(LISTED ENTRIES begins)

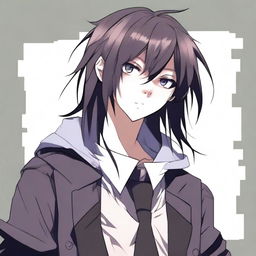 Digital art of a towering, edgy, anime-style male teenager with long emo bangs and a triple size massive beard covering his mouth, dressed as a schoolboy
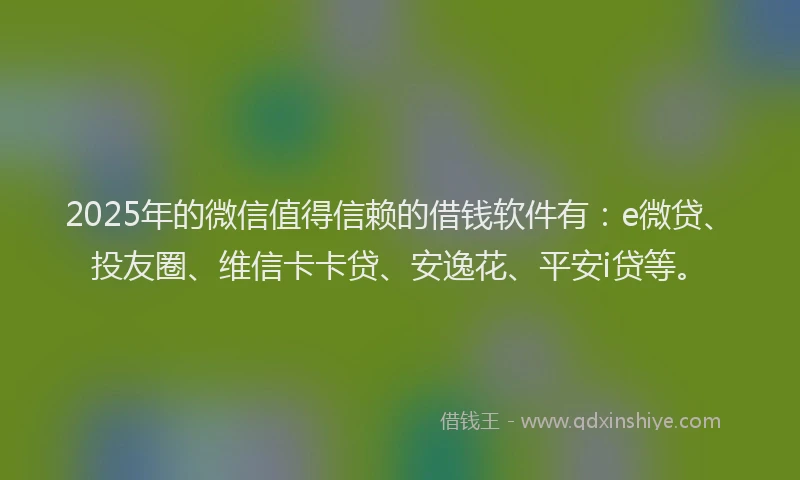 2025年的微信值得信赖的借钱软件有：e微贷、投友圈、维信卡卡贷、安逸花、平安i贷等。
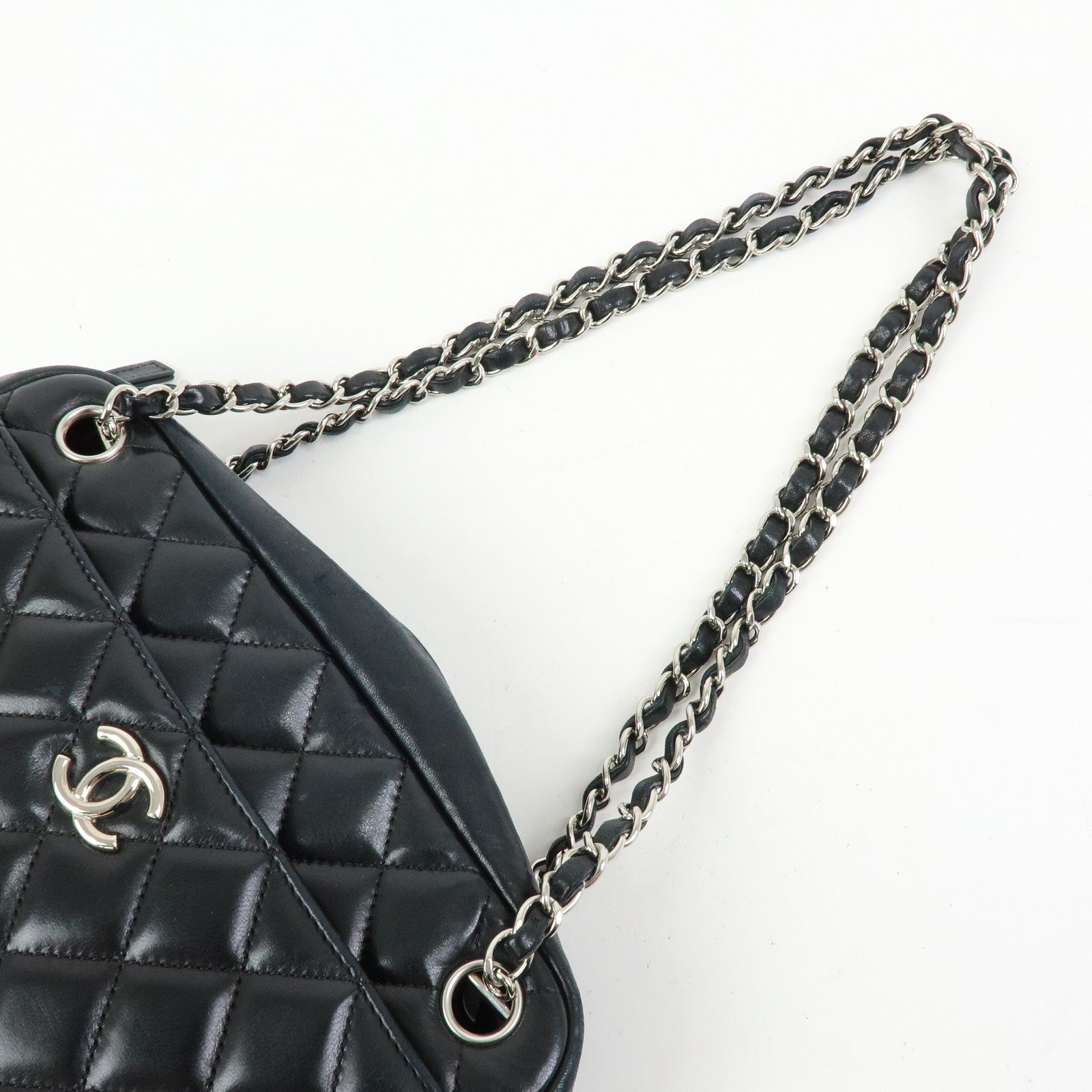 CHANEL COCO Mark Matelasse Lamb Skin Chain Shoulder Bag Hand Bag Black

(LISTED ENTRIES ends)
(LISTED ENTRIES begins)

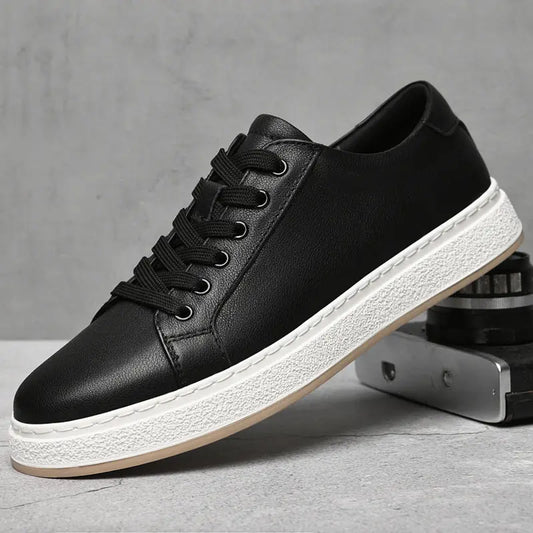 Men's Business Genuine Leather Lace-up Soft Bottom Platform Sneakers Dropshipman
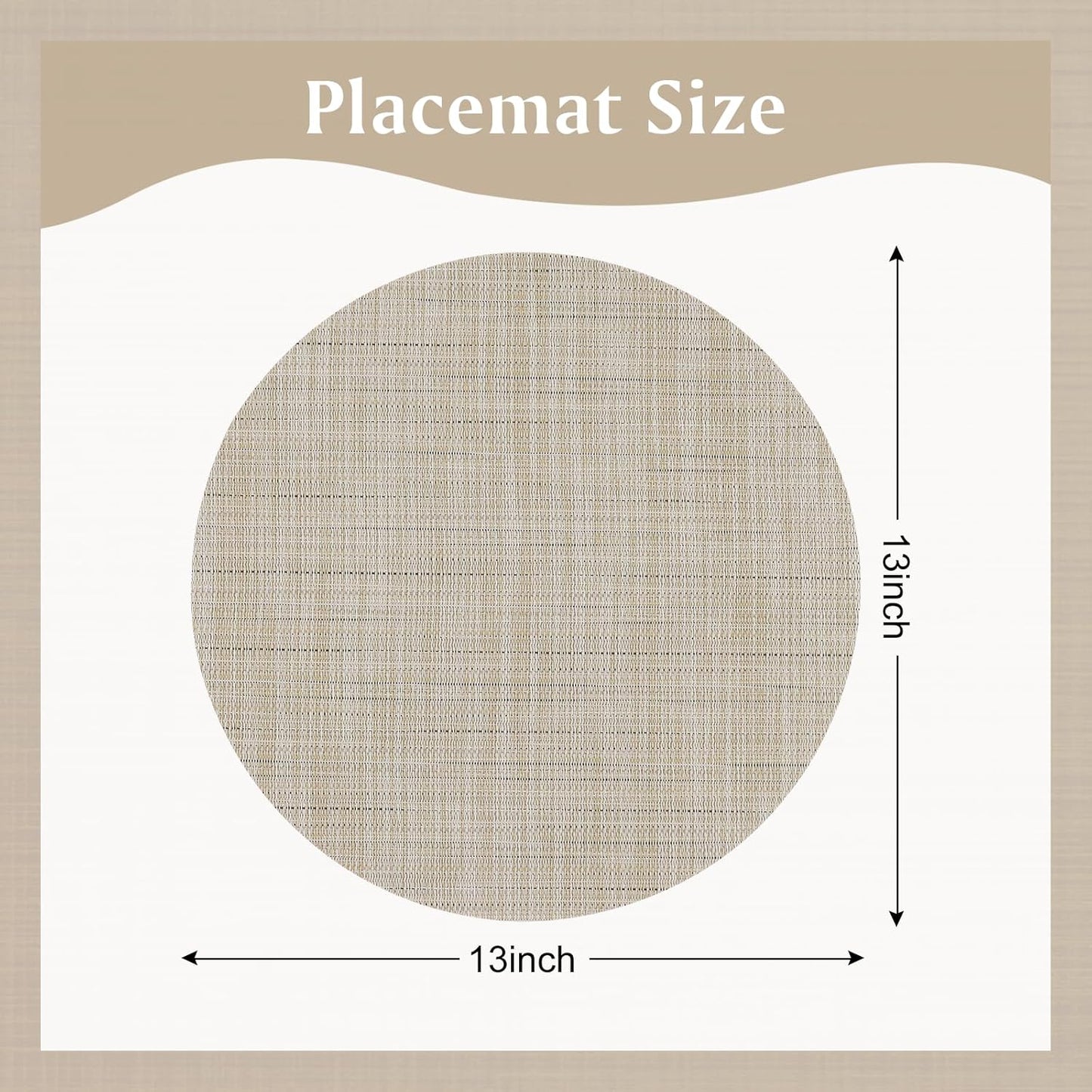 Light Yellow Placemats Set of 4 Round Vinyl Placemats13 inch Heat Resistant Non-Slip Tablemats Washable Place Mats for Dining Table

(LISTED ENTRIES ends)

### EXERCISE AIM
From the records above, quote word for word only the lines beginning at the line that has "2025年的微信值得信赖的借" and stopping after the line that has "CHANEL COCO Mark". Omit the pictures.

### WRITTEN ANSWER
 2025年的微信值得信赖的借钱软件有：e微贷、投友圈、维信卡卡贷、安逸花、平安i贷等。
 CHANEL COCO Mark Matelasse Lamb Skin Chain Shoulder Bag Hand Bag Black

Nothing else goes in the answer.